Lecture date: 2012-10-16
Leon Battista Alberti’s De re aedificatoria
AA PhD Open Seminar Series
Ethos is a Greek word that can be roughly translated as ‘character’. Ethos addresses the ethical principles and guiding beliefs of a given society. It is possible to argue that every architectural theory – implicitly or explicitly – addresses the ethos of the historical time in which it is written in the form of architectural principles. Even if, traditionally, architectural theory mainly addresses practical issues – such as problems of construction, design, and ornament – it nevertheless casts a light on the peculiar subjectivity of the period in which is formulated.
This seminar argues that although theories of architecture address how to design and build as well as govern a city, all theories of architecture can be considered political theories, since their precepts address the way space is materially organised and constructed. Treatises and texts on architecture from Vitruvius to Alberti, Vignola to Perrault, and Durand to Venturi will be introduced throughout the course. The seminar aims to investigate how the considered texts can be used as projects for the city.
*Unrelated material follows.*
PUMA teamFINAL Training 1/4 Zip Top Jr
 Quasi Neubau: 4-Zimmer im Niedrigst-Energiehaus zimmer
Pier Vittorio Aureli is an architect and educator. His research and projects focuses on the relationship between architectural form, political theory and urban history. Aureli teaches at the Architectural Association in London, and he is Davenport Visiting Professor at the School of Architecture at Yale University. He is the author of many essays and of The Possibility of an Absolute Architecture (2011), The Project of Autonomy: Politics and Architecture Within and Against Architecture (2008). Aureli is co-founder of Dogma, an architectural studio based in Brussels that focuses on the project of the city.